- Material for the task:

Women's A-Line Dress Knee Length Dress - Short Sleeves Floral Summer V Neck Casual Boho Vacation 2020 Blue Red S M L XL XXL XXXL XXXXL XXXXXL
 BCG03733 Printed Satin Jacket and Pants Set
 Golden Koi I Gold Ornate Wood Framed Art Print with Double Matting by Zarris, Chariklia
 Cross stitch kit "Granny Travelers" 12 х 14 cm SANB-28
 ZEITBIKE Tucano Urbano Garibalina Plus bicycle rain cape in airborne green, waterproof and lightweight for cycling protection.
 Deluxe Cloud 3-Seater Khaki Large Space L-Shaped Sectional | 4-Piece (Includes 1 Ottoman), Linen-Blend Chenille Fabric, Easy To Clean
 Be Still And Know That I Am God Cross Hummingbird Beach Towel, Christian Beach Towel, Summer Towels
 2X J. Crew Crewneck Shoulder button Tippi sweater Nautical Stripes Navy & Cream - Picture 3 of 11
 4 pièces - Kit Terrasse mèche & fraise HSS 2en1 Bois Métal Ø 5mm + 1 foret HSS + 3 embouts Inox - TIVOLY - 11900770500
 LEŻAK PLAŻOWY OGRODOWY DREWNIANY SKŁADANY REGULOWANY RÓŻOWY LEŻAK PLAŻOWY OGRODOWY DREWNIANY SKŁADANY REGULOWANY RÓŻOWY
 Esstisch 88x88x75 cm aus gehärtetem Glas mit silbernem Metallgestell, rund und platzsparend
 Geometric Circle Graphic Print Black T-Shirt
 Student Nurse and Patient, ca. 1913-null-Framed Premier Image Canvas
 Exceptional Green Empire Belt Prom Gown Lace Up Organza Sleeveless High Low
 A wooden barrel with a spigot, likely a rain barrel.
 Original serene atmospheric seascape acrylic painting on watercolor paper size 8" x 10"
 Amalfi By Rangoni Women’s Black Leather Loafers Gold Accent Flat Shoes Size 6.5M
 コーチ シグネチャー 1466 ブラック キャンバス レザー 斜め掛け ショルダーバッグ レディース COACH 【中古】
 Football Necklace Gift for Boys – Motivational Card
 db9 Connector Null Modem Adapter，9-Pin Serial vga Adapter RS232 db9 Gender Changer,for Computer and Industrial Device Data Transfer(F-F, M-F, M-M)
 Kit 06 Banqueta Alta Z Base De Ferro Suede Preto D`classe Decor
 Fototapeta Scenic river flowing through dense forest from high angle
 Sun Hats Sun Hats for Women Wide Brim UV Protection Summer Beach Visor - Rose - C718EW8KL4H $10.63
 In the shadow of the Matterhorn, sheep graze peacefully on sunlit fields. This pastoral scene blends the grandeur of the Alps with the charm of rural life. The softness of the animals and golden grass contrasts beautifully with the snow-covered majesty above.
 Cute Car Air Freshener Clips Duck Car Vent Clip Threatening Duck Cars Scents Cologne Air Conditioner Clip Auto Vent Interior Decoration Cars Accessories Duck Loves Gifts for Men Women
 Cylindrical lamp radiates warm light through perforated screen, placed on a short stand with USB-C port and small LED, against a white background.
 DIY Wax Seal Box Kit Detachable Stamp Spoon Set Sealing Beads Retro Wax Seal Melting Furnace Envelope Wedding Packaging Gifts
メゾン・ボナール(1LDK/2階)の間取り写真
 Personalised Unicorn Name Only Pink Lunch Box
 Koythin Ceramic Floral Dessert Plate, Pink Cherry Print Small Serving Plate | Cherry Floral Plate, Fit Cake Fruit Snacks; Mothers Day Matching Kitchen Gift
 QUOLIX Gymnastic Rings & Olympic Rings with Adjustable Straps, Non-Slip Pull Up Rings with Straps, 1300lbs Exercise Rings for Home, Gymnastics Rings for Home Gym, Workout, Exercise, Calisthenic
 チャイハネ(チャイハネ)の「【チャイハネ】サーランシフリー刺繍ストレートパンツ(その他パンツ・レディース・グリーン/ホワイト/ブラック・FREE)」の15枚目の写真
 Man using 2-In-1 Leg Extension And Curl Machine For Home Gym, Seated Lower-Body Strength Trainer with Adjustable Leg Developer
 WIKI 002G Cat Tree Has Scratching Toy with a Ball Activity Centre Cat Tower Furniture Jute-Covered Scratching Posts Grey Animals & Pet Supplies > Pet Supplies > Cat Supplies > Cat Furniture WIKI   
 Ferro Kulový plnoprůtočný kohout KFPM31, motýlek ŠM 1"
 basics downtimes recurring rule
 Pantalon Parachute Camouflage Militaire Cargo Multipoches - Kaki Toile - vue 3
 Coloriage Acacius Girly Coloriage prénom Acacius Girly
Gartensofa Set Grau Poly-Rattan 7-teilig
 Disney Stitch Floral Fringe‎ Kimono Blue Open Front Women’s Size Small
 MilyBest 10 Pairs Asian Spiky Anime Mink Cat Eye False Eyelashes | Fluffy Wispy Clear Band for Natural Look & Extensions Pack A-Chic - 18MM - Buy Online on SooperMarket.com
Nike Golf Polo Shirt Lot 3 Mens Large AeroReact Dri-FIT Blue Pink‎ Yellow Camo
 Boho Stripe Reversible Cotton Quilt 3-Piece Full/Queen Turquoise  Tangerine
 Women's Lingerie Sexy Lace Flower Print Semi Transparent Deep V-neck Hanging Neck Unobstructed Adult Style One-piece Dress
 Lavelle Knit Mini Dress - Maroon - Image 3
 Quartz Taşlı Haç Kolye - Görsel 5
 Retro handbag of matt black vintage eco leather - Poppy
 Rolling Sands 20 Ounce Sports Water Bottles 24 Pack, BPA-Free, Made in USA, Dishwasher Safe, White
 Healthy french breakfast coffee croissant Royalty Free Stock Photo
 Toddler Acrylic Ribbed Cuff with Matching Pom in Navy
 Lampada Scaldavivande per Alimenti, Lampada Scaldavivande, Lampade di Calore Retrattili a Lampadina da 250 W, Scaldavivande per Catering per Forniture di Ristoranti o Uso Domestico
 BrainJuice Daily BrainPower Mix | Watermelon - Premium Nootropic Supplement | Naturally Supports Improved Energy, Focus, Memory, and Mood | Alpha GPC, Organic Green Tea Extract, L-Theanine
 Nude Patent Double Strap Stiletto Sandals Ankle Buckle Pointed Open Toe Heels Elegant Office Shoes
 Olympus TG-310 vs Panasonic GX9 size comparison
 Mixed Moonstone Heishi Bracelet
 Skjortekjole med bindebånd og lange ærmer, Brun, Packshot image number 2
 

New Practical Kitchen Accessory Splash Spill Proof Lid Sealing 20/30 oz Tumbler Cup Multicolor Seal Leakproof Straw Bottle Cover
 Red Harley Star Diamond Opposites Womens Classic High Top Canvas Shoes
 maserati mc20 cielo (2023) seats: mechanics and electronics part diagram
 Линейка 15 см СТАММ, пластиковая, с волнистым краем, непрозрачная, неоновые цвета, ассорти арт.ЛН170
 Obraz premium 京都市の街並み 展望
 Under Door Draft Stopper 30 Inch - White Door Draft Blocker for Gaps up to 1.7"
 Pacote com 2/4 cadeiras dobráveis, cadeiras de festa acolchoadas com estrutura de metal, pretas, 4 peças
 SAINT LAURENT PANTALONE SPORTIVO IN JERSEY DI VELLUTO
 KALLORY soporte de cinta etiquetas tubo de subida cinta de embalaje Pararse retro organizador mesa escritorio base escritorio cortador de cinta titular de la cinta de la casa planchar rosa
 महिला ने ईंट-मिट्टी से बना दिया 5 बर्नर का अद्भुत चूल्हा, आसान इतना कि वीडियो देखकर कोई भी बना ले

- Exercise directions: Look above for the line containing "Original serene atmospheric" and the line containing "Sun Hats Sun". Transcribe both, with the lines between them, exactly.

- Answer box:
 Original serene atmospheric seascape acrylic painting on watercolor paper size 8" x 10"
 Amalfi By Rangoni Women’s Black Leather Loafers Gold Accent Flat Shoes Size 6.5M
 コーチ シグネチャー 1466 ブラック キャンバス レザー 斜め掛け ショルダーバッグ レディース COACH 【中古】
 Football Necklace Gift for Boys – Motivational Card
 db9 Connector Null Modem Adapter，9-Pin Serial vga Adapter RS232 db9 Gender Changer,for Computer and Industrial Device Data Transfer(F-F, M-F, M-M)
 Kit 06 Banqueta Alta Z Base De Ferro Suede Preto D`classe Decor
 Fototapeta Scenic river flowing through dense forest from high angle
 Sun Hats Sun Hats for Women Wide Brim UV Protection Summer Beach Visor - Rose - C718EW8KL4H $10.63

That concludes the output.